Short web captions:
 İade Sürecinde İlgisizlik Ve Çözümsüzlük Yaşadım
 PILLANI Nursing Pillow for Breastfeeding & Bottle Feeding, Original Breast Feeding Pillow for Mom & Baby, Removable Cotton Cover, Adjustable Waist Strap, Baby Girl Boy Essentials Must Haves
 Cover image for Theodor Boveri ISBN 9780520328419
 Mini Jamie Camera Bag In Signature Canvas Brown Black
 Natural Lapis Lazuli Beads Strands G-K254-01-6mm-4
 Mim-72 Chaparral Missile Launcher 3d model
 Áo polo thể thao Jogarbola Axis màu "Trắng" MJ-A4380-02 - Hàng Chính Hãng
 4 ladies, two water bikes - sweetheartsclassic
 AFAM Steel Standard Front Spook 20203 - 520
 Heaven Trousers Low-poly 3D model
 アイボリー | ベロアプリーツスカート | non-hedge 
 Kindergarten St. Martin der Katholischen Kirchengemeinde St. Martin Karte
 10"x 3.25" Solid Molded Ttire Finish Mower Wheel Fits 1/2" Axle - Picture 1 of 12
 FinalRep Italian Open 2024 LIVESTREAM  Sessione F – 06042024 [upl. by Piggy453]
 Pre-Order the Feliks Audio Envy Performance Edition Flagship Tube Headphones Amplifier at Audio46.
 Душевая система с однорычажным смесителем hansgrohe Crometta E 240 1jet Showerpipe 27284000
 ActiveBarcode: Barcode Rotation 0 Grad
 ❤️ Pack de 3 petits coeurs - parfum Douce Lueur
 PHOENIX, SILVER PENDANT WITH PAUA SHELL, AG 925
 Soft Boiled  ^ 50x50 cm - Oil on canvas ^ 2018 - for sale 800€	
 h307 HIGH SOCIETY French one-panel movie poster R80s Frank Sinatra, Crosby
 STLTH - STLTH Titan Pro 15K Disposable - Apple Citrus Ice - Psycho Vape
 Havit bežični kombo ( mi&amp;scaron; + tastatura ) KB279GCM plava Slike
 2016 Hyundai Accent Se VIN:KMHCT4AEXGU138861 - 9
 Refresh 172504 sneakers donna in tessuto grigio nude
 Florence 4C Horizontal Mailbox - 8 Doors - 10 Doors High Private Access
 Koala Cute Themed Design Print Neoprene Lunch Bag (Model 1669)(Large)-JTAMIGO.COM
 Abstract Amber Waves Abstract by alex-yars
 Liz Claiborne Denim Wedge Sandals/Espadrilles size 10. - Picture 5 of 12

- _Work task_
With every line kept whole, write out the records again exactly.

- _Response_
 İade Sürecinde İlgisizlik Ve Çözümsüzlük Yaşadım
 PILLANI Nursing Pillow for Breastfeeding & Bottle Feeding, Original Breast Feeding Pillow for Mom & Baby, Removable Cotton Cover, Adjustable Waist Strap, Baby Girl Boy Essentials Must Haves
 Cover image for Theodor Boveri ISBN 9780520328419
 Mini Jamie Camera Bag In Signature Canvas Brown Black
 Natural Lapis Lazuli Beads Strands G-K254-01-6mm-4
 Mim-72 Chaparral Missile Launcher 3d model
 Áo polo thể thao Jogarbola Axis màu "Trắng" MJ-A4380-02 - Hàng Chính Hãng
 4 ladies, two water bikes - sweetheartsclassic
 AFAM Steel Standard Front Spook 20203 - 520
 Heaven Trousers Low-poly 3D model
 アイボリー | ベロアプリーツスカート | non-hedge 
 Kindergarten St. Martin der Katholischen Kirchengemeinde St. Martin Karte
 10"x 3.25" Solid Molded Ttire Finish Mower Wheel Fits 1/2" Axle - Picture 1 of 12
 FinalRep Italian Open 2024 LIVESTREAM  Sessione F – 06042024 [upl. by Piggy453]
 Pre-Order the Feliks Audio Envy Performance Edition Flagship Tube Headphones Amplifier at Audio46.
 Душевая система с однорычажным смесителем hansgrohe Crometta E 240 1jet Showerpipe 27284000
 ActiveBarcode: Barcode Rotation 0 Grad
 ❤️ Pack de 3 petits coeurs - parfum Douce Lueur
 PHOENIX, SILVER PENDANT WITH PAUA SHELL, AG 925
 Soft Boiled  ^ 50x50 cm - Oil on canvas ^ 2018 - for sale 800€	
 h307 HIGH SOCIETY French one-panel movie poster R80s Frank Sinatra, Crosby
 STLTH - STLTH Titan Pro 15K Disposable - Apple Citrus Ice - Psycho Vape
 Havit bežični kombo ( mi&amp;scaron; + tastatura ) KB279GCM plava Slike
 2016 Hyundai Accent Se VIN:KMHCT4AEXGU138861 - 9
 Refresh 172504 sneakers donna in tessuto grigio nude
 Florence 4C Horizontal Mailbox - 8 Doors - 10 Doors High Private Access
 Koala Cute Themed Design Print Neoprene Lunch Bag (Model 1669)(Large)-JTAMIGO.COM
 Abstract Amber Waves Abstract by alex-yars
 Liz Claiborne Denim Wedge Sandals/Espadrilles size 10. - Picture 5 of 12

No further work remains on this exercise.